James Worrad on Chuck Tingle: SF’s Lord Of Misrule

James Worrad has a really good piece on Chuck Tingle and this year’s Hugo Awards. (I have left the Anglo-Saxon words in)

Within SFF, I see this Apollo/Dionysos spectrum as the vertical Y axis to the horizontal X of the political left/right. And what we have right now, in this godforsaken year of our lord 2016, is a left/right spectrum pulling at either end with the side effect of warping the vertical axis violently upward into the Apollonian (I hope you can picture that, I’m not sure WordPress comes with a chart making option). The result: lean times for Dionysos.

Currently, what unites the gun-waving right wing SF pundit and his Tumblr-wielding lefty opposite is a half-conscious desire for the genre to be about something rather than just be. In that respect they are both the priests of Apollo, with an insatiable need to place laws and structure and context upon a genre that, at it’s core, is a wide hot mess of contradiction and nebulousness. It’s an understandable urge, this need to tame. We’re in an era that’s impossible to comprehend or predict. It’s frightening. And a sense–perhaps even illusion–of control can alleviate that fear.
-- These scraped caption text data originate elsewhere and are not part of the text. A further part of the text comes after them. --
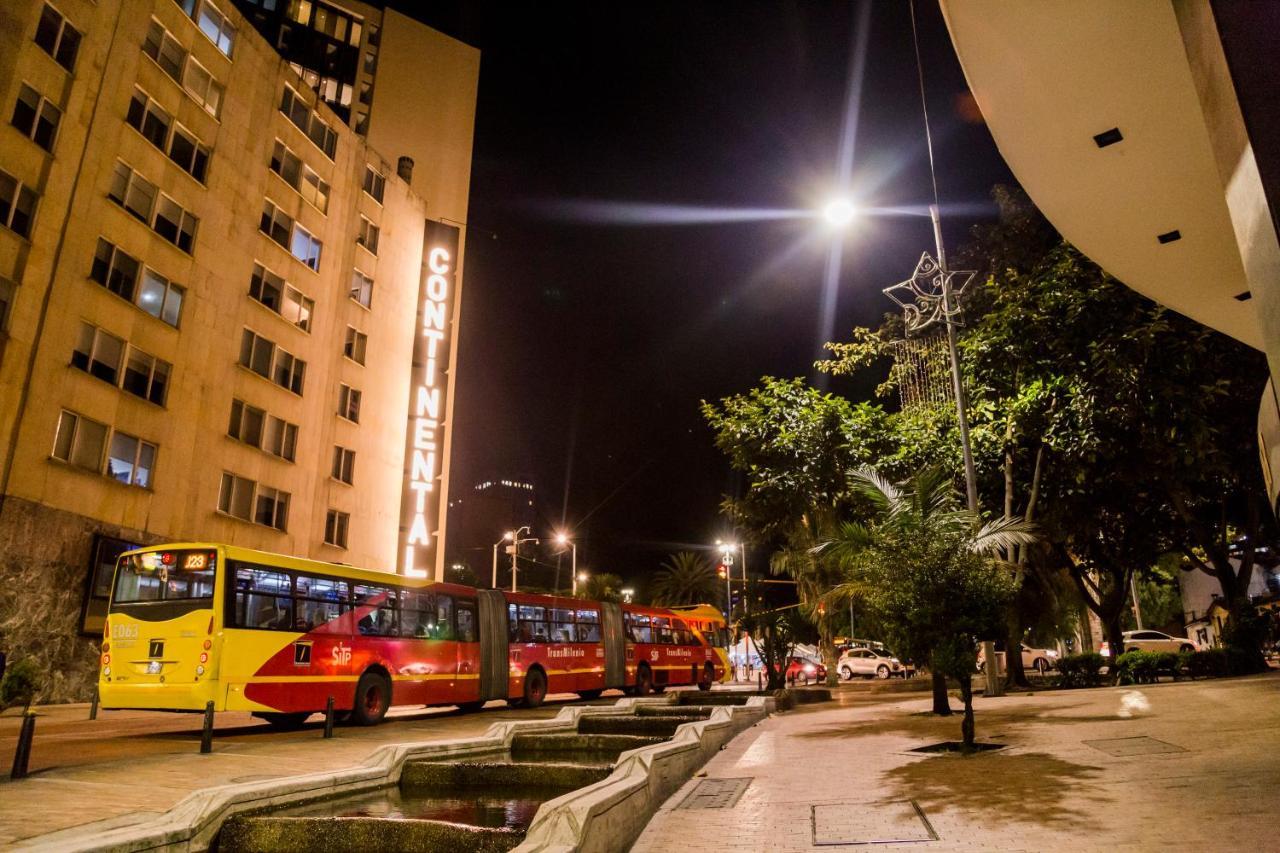 Fatima Hostel 波哥大 外观 照片
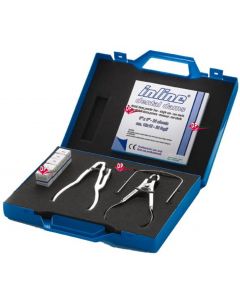 Kit diga INLINE con e senza uncini 
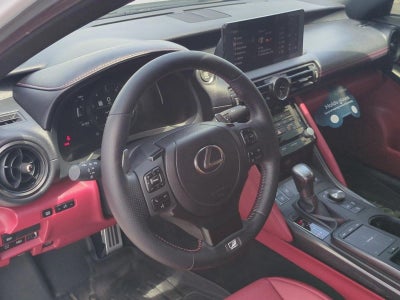 2023 Lexus IS 350 F SPORT
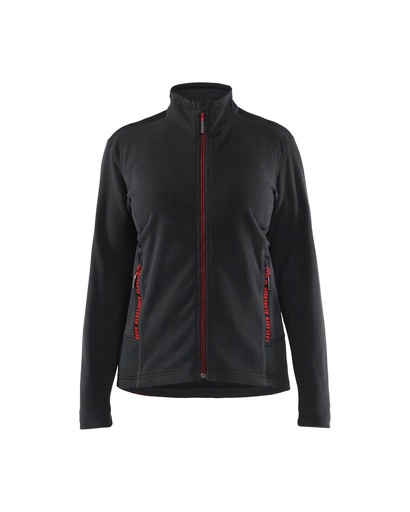 4766 Dames Microfleecevest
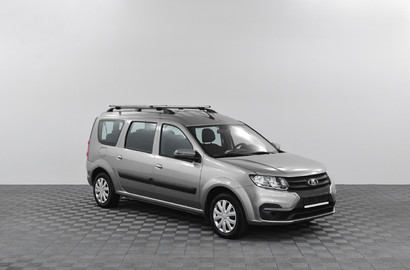 ВАЗ (Lada) Largus 1.6 MT (90 л.с.) Лот № 2948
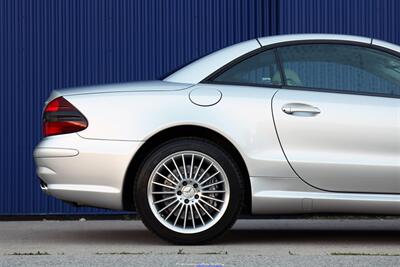 2003 Mercedes-Benz SL 55 AMG   - Photo 18 - Rockville, MD 20850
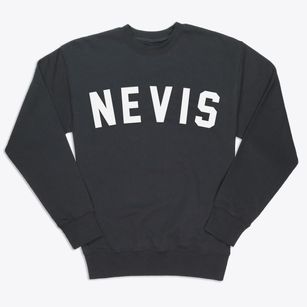 Nevis Minnesota Classic Curve Premium Crewneck Sweatshirt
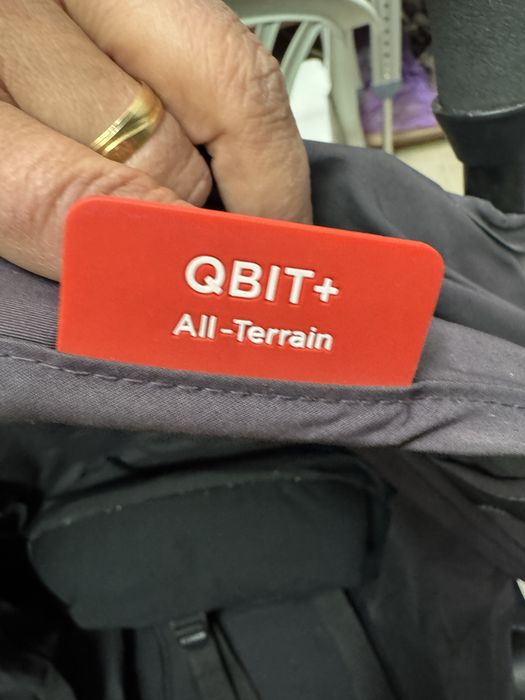 Бебешка количка QBIT+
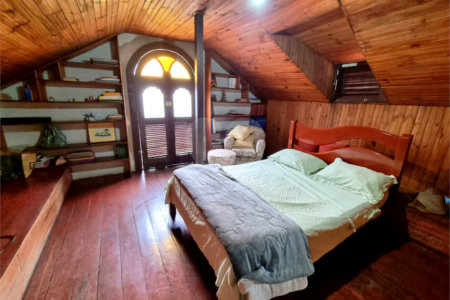 Casa à venda com 3 quartos em Santa Teresa, Rio de Janeiro, RJ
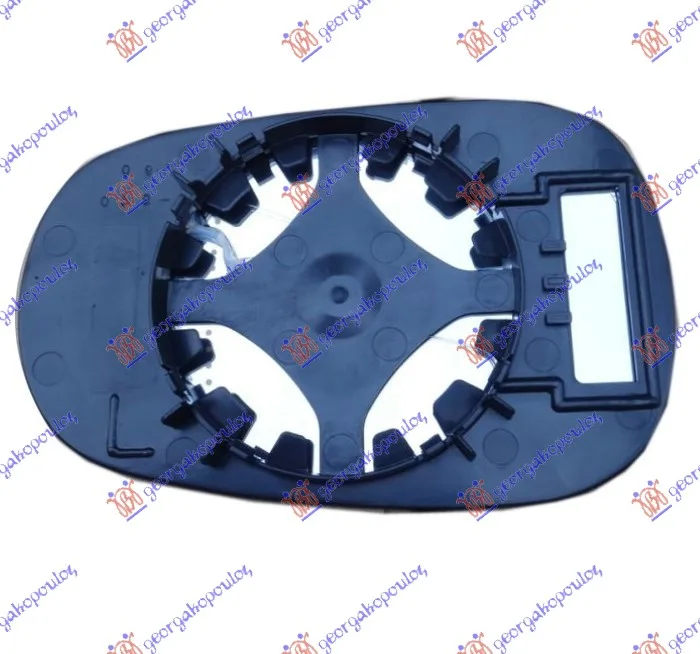 Staklo za retrovizor Renault Clio 01-06 / Campus 04- / Thalia 2001 -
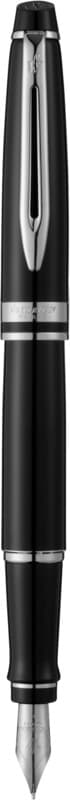 Waterman Expert fountain pen (blue ink) 2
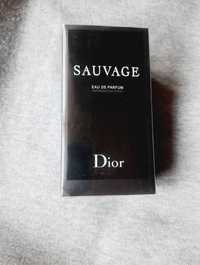 Sauvage parfum Dior 100мл парфюм парфумована вода оригінал диор саваж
But the Dionysian is what makes science fiction, fantasy and horror truly shine. It’s its ‘killer app’, if you will. And, beneath all the absurdity, sodomy and raptors, I think that’s what Chuck Tingle represents. That’s why everyone is talking about him (Well, that and the dino-fucking). He stirs the near-lost sense of senselessness in us fans, the primal chaos that’s the deadly serious part of fun.

Read the whole thing: I love the image of the clown car crashing into the sombre chapel.

The last couple of years have seen the Hugo Awards devolve into a bitter turf war between two rival cliques of writers and fans, neither of whom are as representative as SF as a whole as they like to think they are. And that turf war has ifself bogged down in a bitter stalemate in which SF as a whole is the loser.

So I hope Chuck Tingle takes home a rocket. And in future years the Hugos revert to celebrating SF’s sense of wonder instead of backward-looking turf wars.